Reviewed by Sourabh Kumar
Assistant Professor, Department of English, Ram Lal Anand College, University of Delhi

Tuesday 14 July 2015

Repudiating Disabilities: Making Whoopees of ‘Unimpaired Selves’ in Margarita with a Straw

Reviews, Vol I, Issue IV

The trials and tribulations of life entail us to counter them bravely. But do we emerge a champ every time confronting both the simple and arduous deals of our day to day lives. Sometimes we succumb outrightly; at other times we knock ourselves out completely but fall just a little short of hitting the bull’s eye. Few other times, we win in cracking the code and registering a brilliant triumph. Truly, life is a mixed bag, there are moments when we are laid down by our disabilities which may not be real but chimerical ones etched deeply on our mind’s roster; disabilities as they say are in the mind only.

We all act incompetent many a time but being human we tend to hide our shortcomings under the garb of formidable situations and ill-starred times. Still, are we sensitive enough to treat at an equal footing, the ones with disabilities writ well on their bodies- the ones whom the world favours with the tag of ‘differently abled,’ and feels relieved at having practised a deemed altruistic deed by re-christening them so. The lesser known reality is that they are not at variance from the able-bodied ones in their dreams and desires; and are equally entitled to comply with their longings and inclinations.

The movie, Margarita with a Straw (2015) contemplates on the leitmotif of ‘Unimpaired Selves’ implicit in the not so able-bodied ones, manifested through the character of vivacious Laila, the protagonist of the movie.
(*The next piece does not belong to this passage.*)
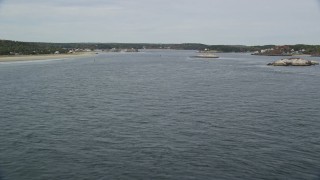 AX147_396 - 6K aerial stock footage flying over Kennebec River, approach North Sugarloaf Island, Phippsburg, Maine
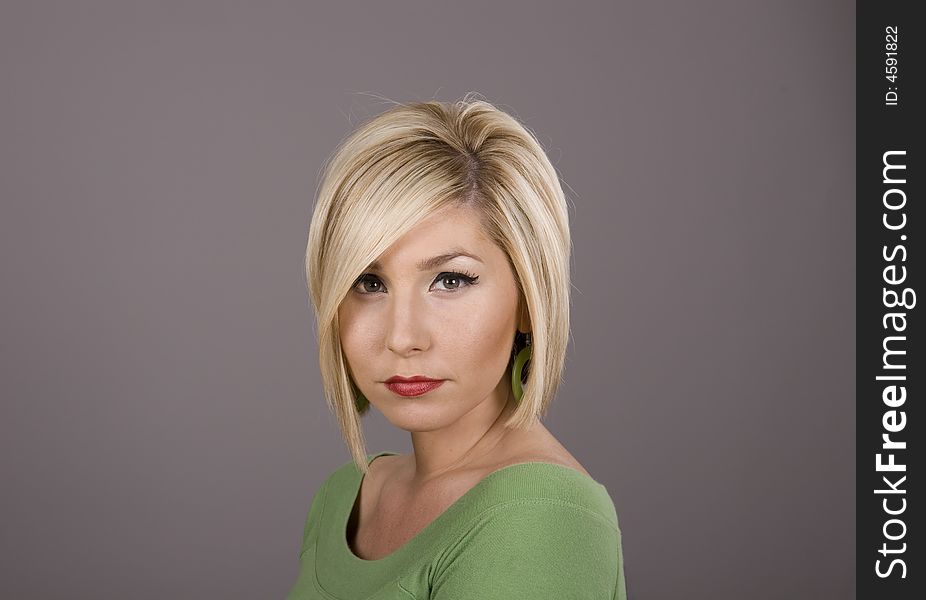 A pretty blonde girl in a green blouse with sad eyes against a grey background. A pretty blonde girl in a green blouse with sad eyes against a grey background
The charming and creative nonconformist Laila deconstructs all radical notions of a young girl with cerebral palsy. Though wheelchair bound, she otherwise is just like any other exuberant teenage girl who does not allow any physical impediments to come in the way of her adventurous student lifestyle. Laila does not permit her physical disability to meddle with her love life.

The movie seeks inspiration from the book, One Little Finger (2011) a memoir of a leading advocate of disability rights, Malini Chib who is herself inflicted with cerebral palsy. The   movie as well as the book on which it is based calls for the exigency of a receptive and inclusive world which cherishes and reinforces the rights of the ‘differently abled’ to live fulfilled and wholesome lives. Malini Chib takes a dig at the contradictory standards of society in this regard:  “It is crazy but society on one hand thinks that disabled people should lead normal lives, but when it comes to the crunch of having an intimate relationship with a person who is disabled, they get scared and pretend that the problem is not theirs.” And she is quite genuine in her surmise that being both disabled and a woman is a ‘double disadvantage.’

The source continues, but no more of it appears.